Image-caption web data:

- Opening Delimiter -

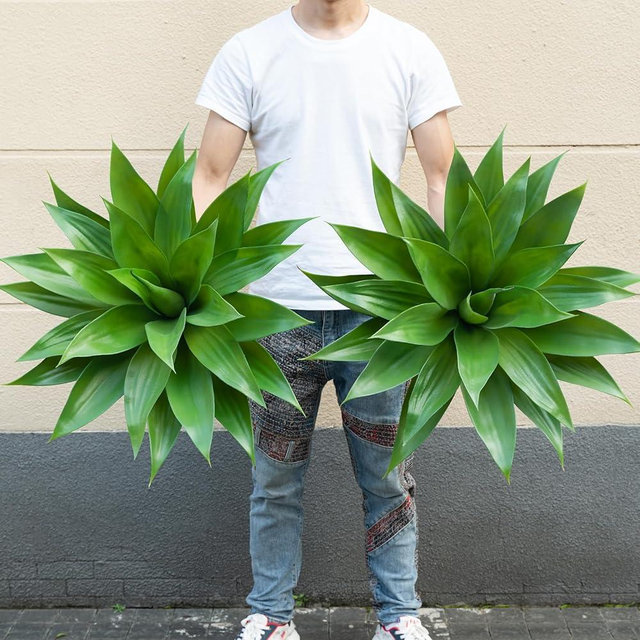 Ttranewsoo Artificial Agave Plants,Large UV Resistant Fake Agave Planters for Indoor and Outdoor Decorating Plantas Artificiales Decorativas Grandes(2Pack, 28")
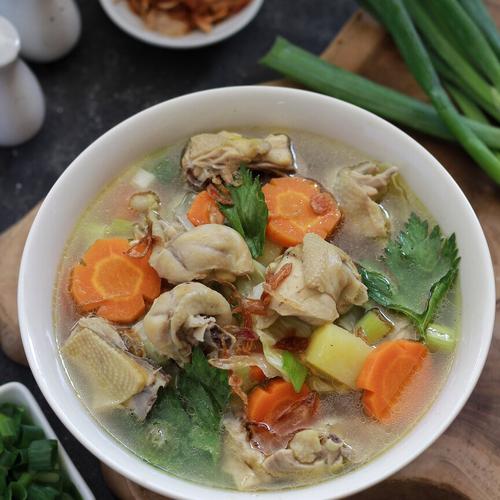 Paket Sop Ayam dan Lauk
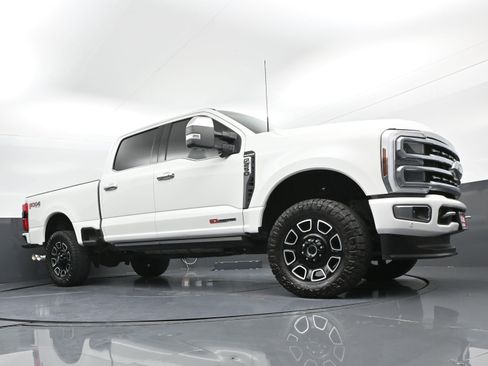 Used 2024 Ford F250 Platinum image 30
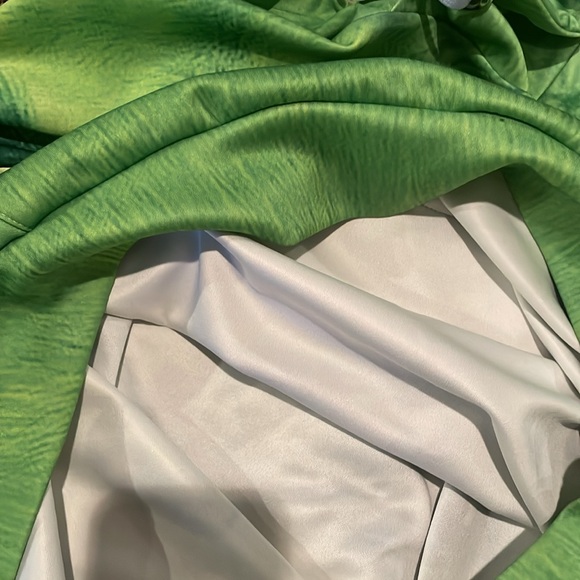 Green Grinch Face Hoodie Sweatshirt - Picture 4 of 7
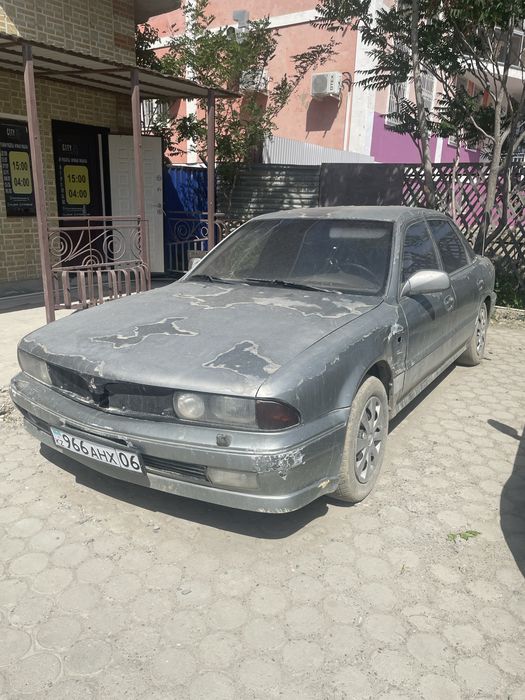 Продаю митсубиси сигма 1992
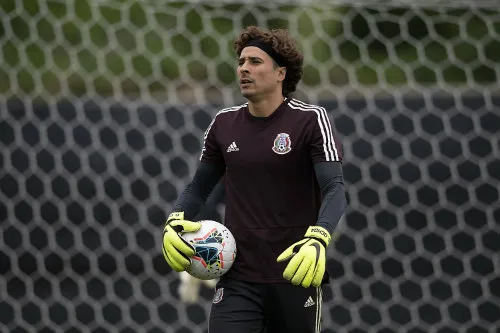 Ochoa durante una práctica con la Selección Mexicana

- Closing Delimiter -

Exercise description:
When copying, output the data exactly and leave out the pictures.

Your response:
 Ttranewsoo Artificial Agave Plants,Large UV Resistant Fake Agave Planters for Indoor and Outdoor Decorating Plantas Artificiales Decorativas Grandes(2Pack, 28")
 Paket Sop Ayam dan Lauk
 Used 2024 Ford F250 Platinum image 30
 Green Grinch Face Hoodie Sweatshirt - Picture 4 of 7
 Продаю митсубиси сигма 1992
 Ochoa durante una práctica con la Selección Mexicana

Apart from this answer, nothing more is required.